Work instructions
Reproduce exactly the lines from the one containing "Vintage Bills Picnic" through the end of the entries, including both. Drop the pictures.

Entries supplied
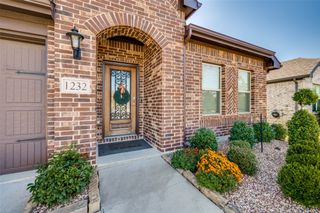 1232 Pleasant Knoll Trail, Aubrey, TX 76227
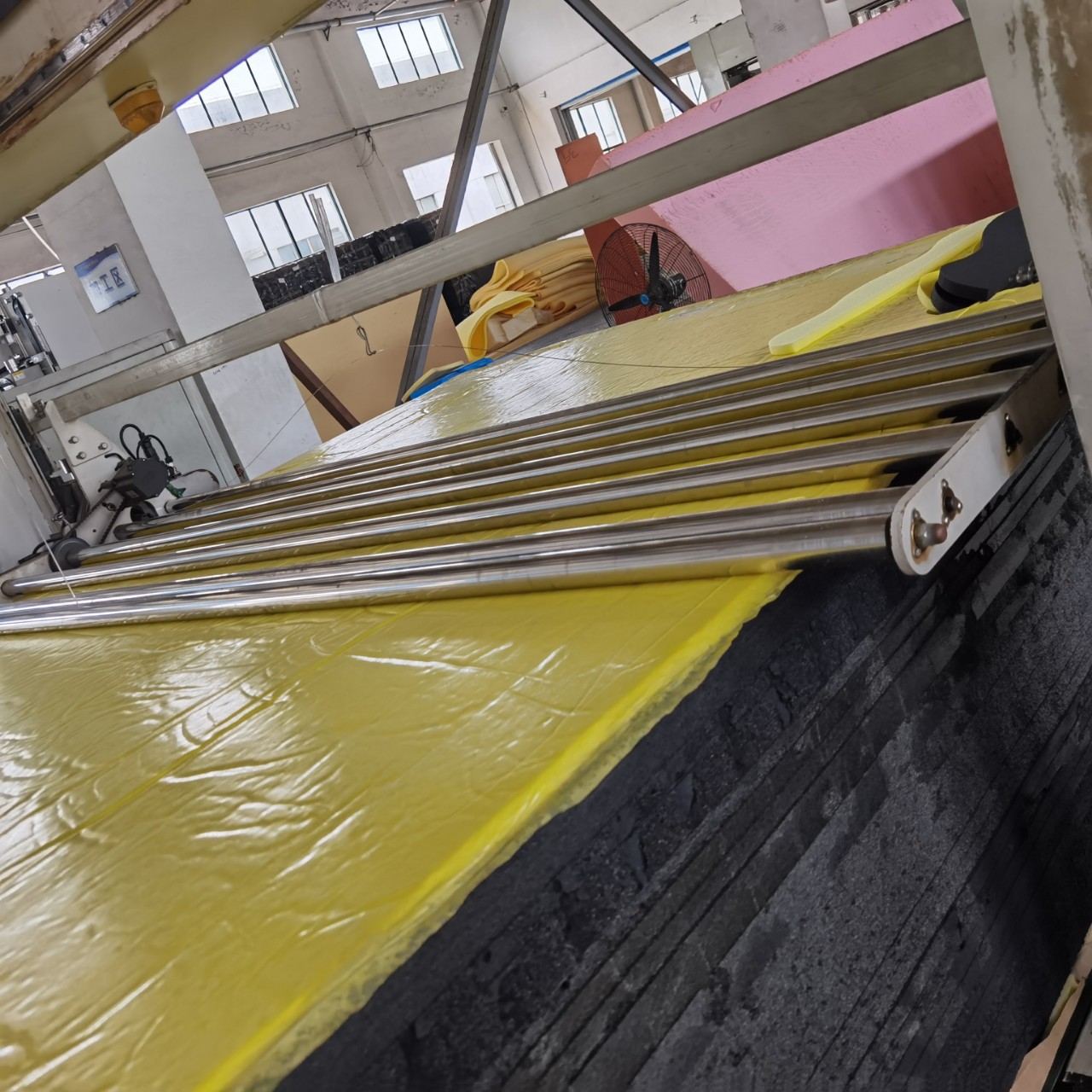 黑色工业软包装海绵填充圆形异形海绵内衬 聚氨酯pu发泡海棉厂家详情13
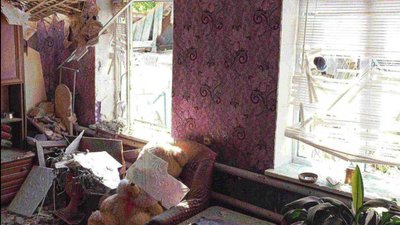 Пошкоджений обстрілом РФ будинок у Куп'янську-Вузловому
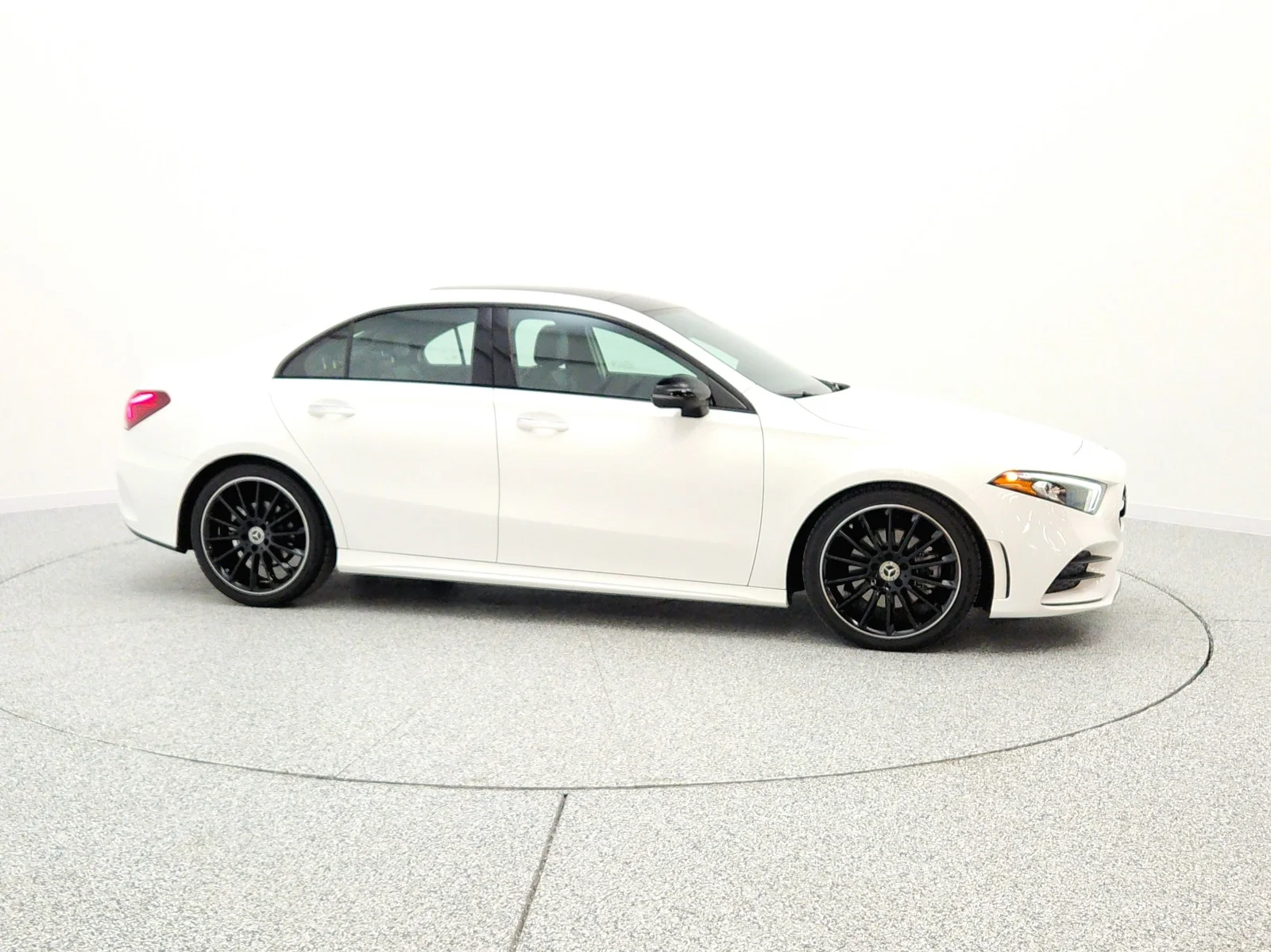 Used 2022 Polar White Mercedes-Benz A 220 Sedan image 4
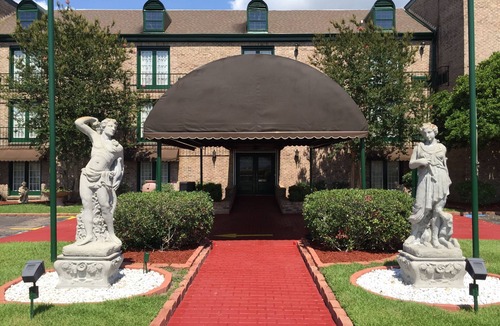 Lobdell/Woodale Hotel | Royal Suites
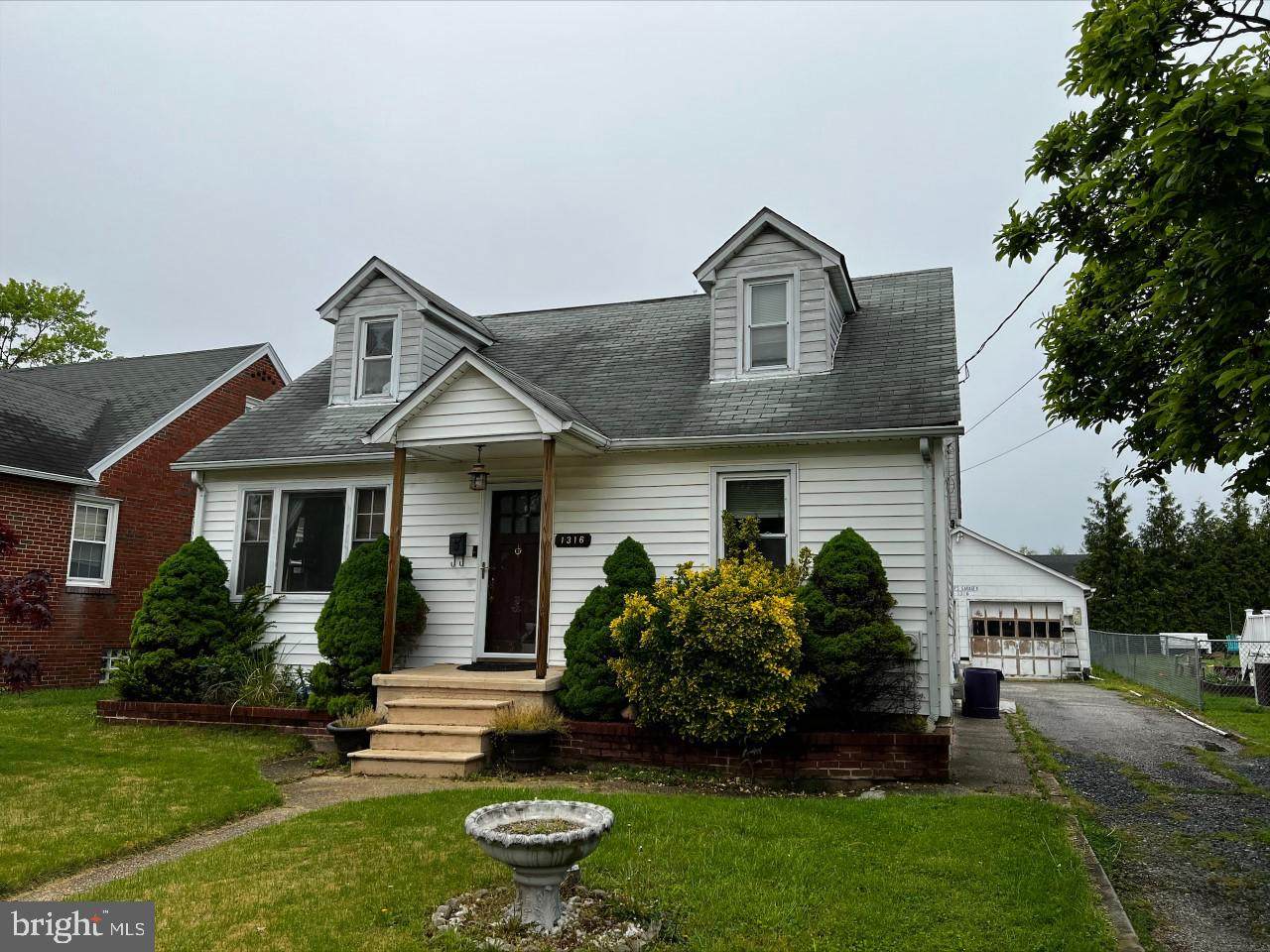 1316 Dorsey Avenue - Photo 1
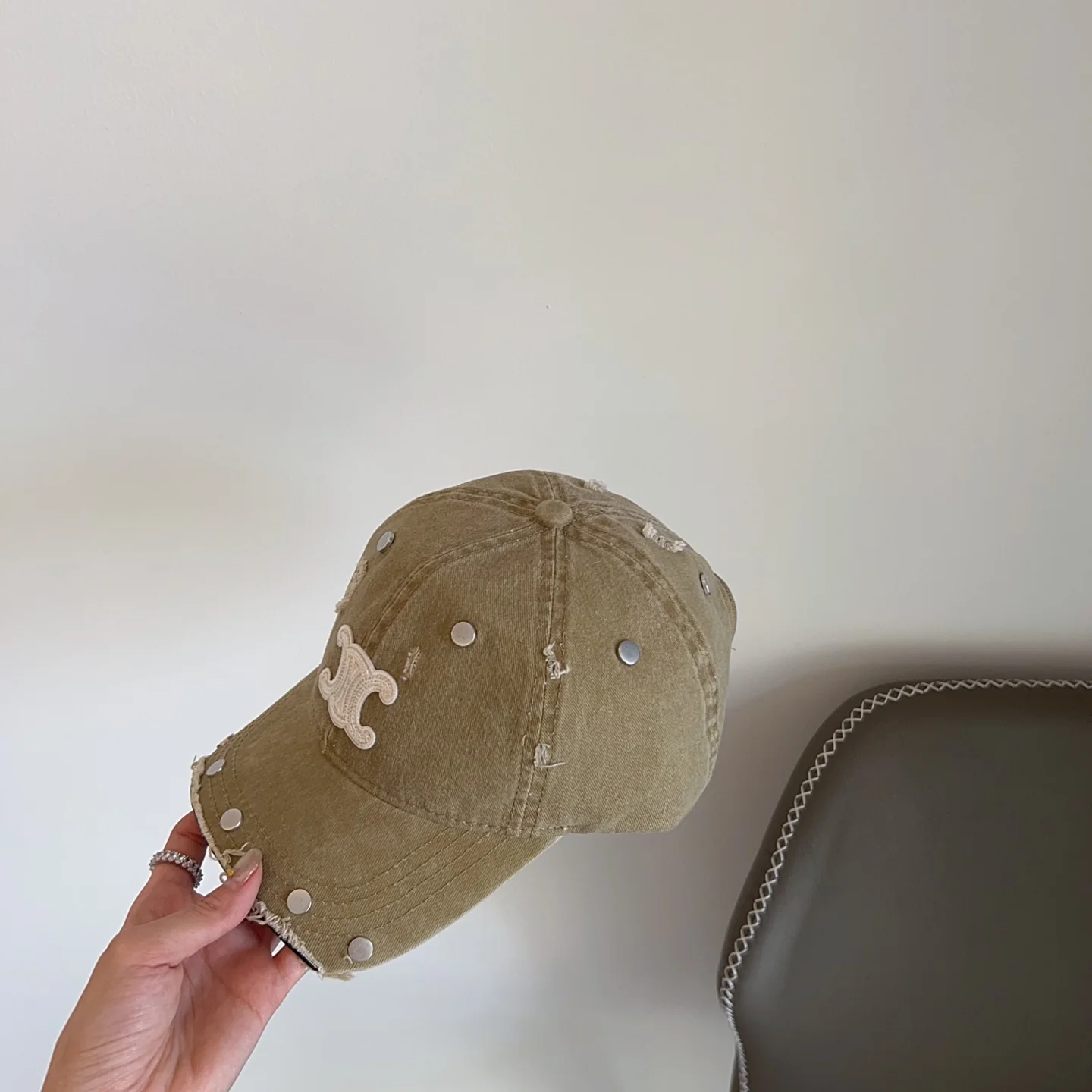 Бейсболка Celine 2025 New Studded Rivet Brushed Baseball Cap - оливково-зеленая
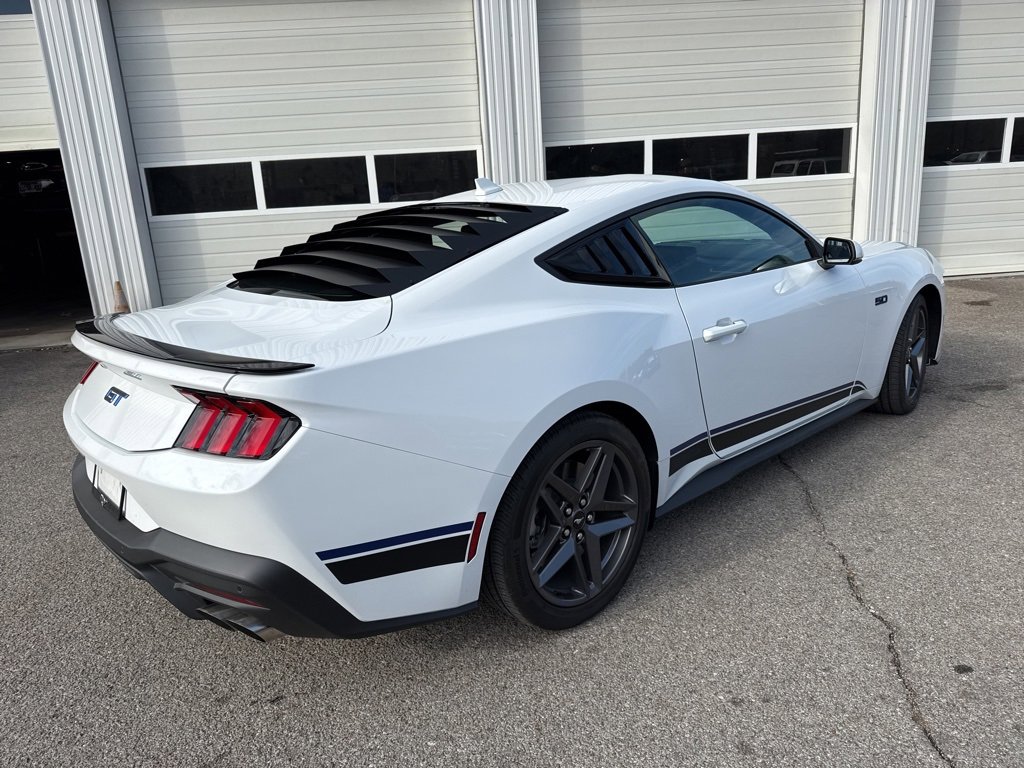 Used 2024 Ford Mustang GT Premium image 5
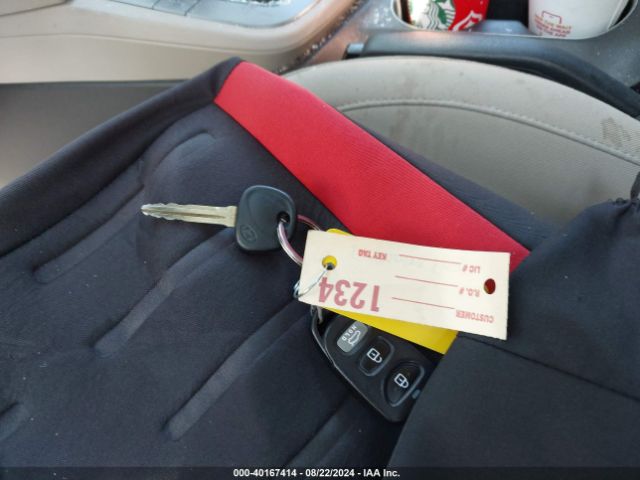 KMHD74LFXHU422121 Hyundai ELANTRA SE
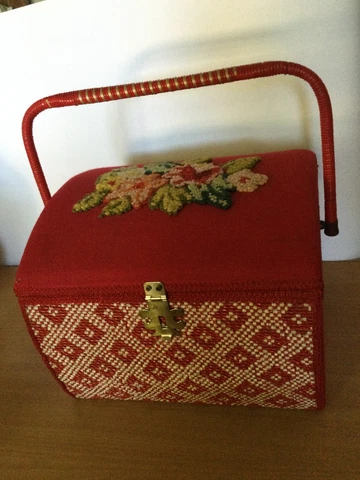 Vintage Bills Picnic Basket woven bamboo handle wrapped yarn embroidery red 12" Cover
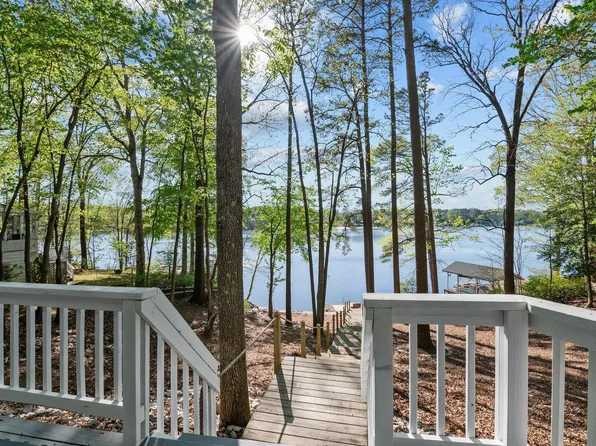 104 Chuckwagon Dr, Louisburg, NC 27549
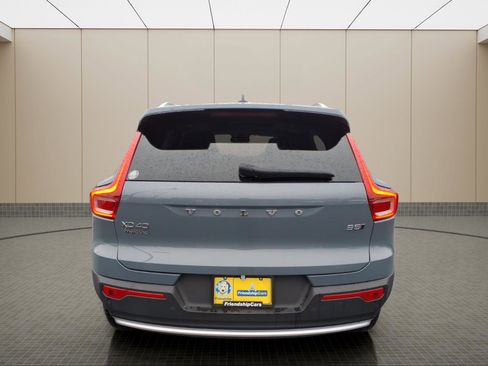 Used 2023 Volvo XC40 B5 Plus w/ Protection Package Premier image 8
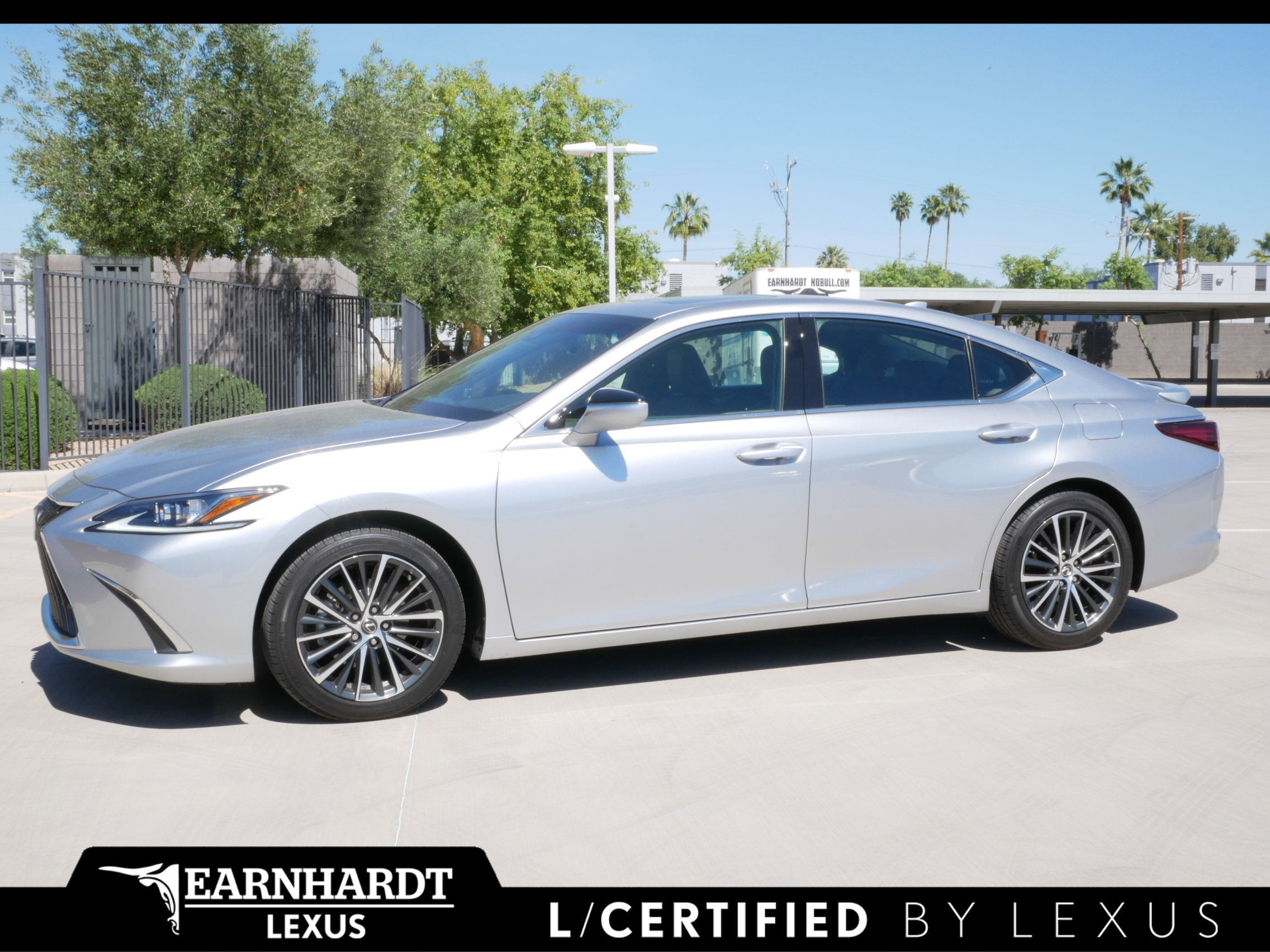 2025 Lexus ES 300h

Final answer
 Vintage Bills Picnic Basket woven bamboo handle wrapped yarn embroidery red 12" Cover
 104 Chuckwagon Dr, Louisburg, NC 27549
 Used 2023 Volvo XC40 B5 Plus w/ Protection Package Premier image 8
 2025 Lexus ES 300h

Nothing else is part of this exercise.